The relations between Kishinev and Moscow plunged into crisis after several Russian diplomats were expelled from Moldova. This is a pro-Western step, but it could be internal games of the elites intended for external use.
Moldova is a developing country, but still remains on the periphery of the European economy. GDP per capita is growing steadily, but still remains the lowest on the continent. In 2007 it reached USD1,231, and in 2016 amounted to approx. USD2,000.
The country’s economy, however, is very vulnerable and reacts strongly to any turbulence. In 2013, when Russia announced an embargo and ceased to import Moldovan wines, the main export product of Moldova, at the turn of 2014 and 2015 the country’s GDP fell by as much as approx. USD400 per capita. Although the effects of the embargo were less severe than when an analogous situation occurred in 2006 (mainly due to the significant reorientation of trade towards the EU market), as much as 35 per cent of domestic producers experienced serious financial problems.

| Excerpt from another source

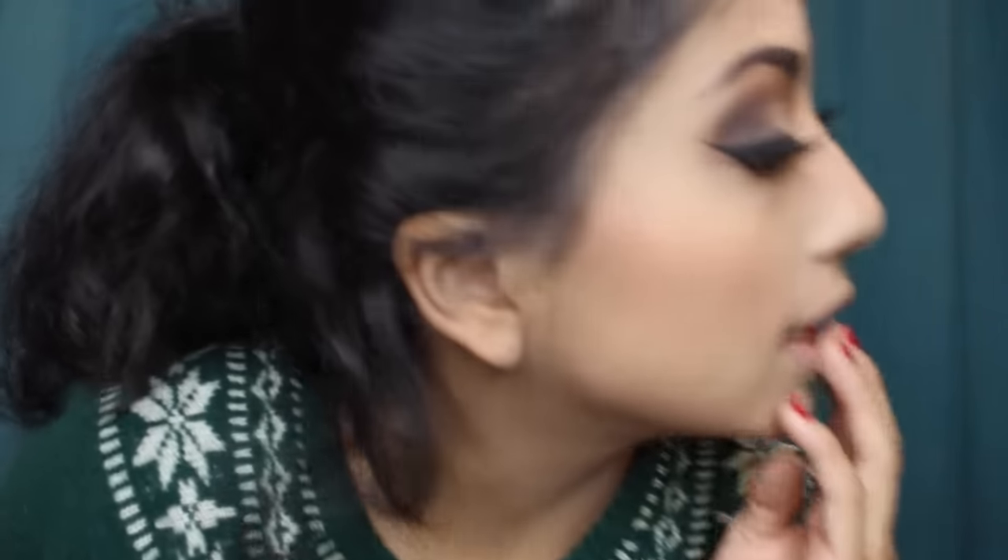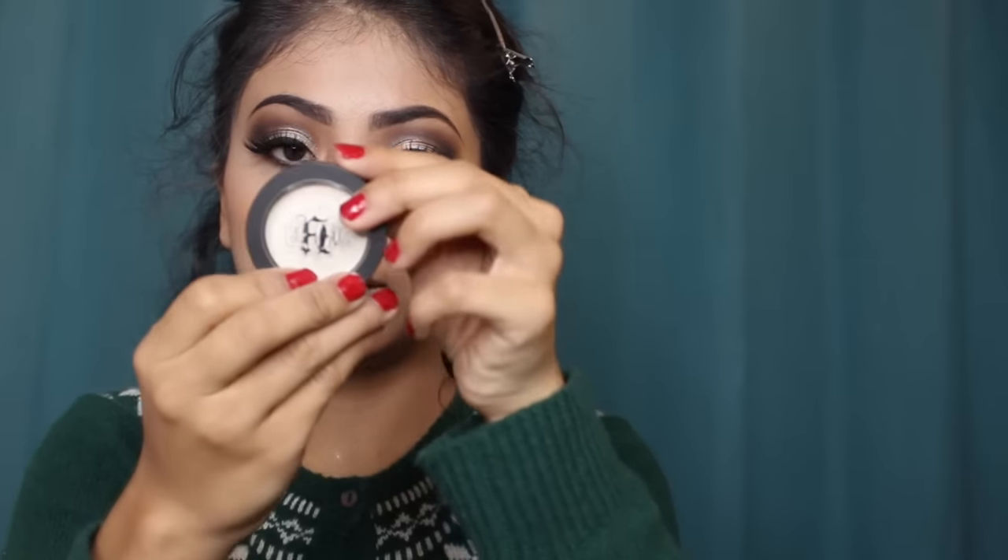Now for highlighter, I am using the color Starlight — it is such a beautiful color. I left my hydroprime over there; this is what I use to seal my face and it feels beautiful. I'm applying this highlight just a tad bit on the nose — you don't want to look too shiny. I'm going to apply an inner corner highlight and I'm using this cap-on pigment in the color Thunderstruck, which is like a white frosty shade.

The political upheaval in Ukraine and the associated economic crisis also had a significant impact. Moldova did not have effective instruments protecting it against the devaluation of the currencies of its economic partners. And because 2014 was an election year, the uncertainty associated with its consequences also adversely affected the interest of foreign investors.

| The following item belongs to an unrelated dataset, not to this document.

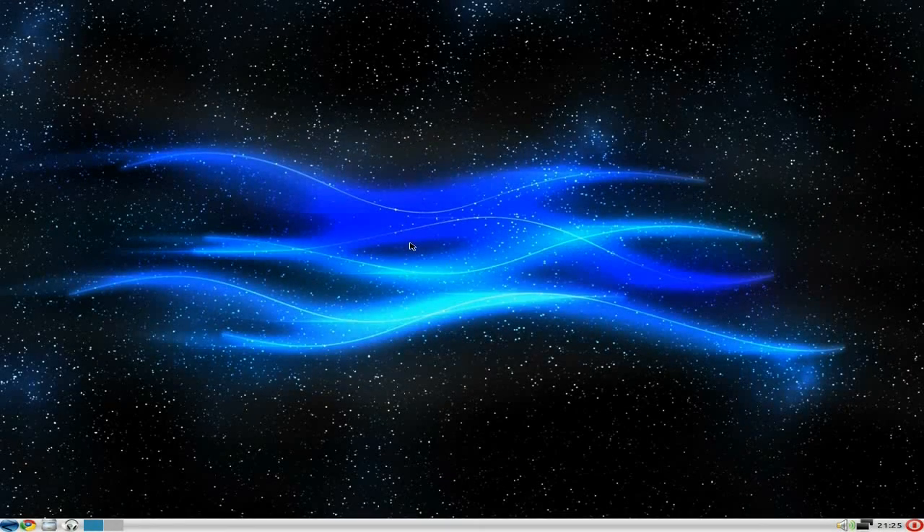Hey sneaklings, tonight we've got Zorin OS 4 full release, but this is the light edition, so it's LXDE. It's supposed to be super fast, super light, and on the whole it is.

In the last decade, unemployment fluctuated between 3 per cent and 8 per cent, although it never exceeded 10 per cent. It is now at approx. 7 per cent, which is a relatively high level from the perspective of the last several years. The forecasts indicate that it may fall to approx. 4 per cent in 2017. One persistent problem faced by Moldova is the low level of the average wage, which amounts to approx. MDL5,200 (USD293). As a consequence, the country has experienced a huge wave of emigration. According to the data of the International Organization for Migration (IOM) 750,000 people left the country, i.e. approx. 21 per cent of the entire population. For Moldova this means a deep shortage of a labor force that would be capable to build the country’s GDP. Additionally, this is yet another of Russia’s bargaining chips in the economic negotiations with this small country. Half of all Moldovans migrated to Russia.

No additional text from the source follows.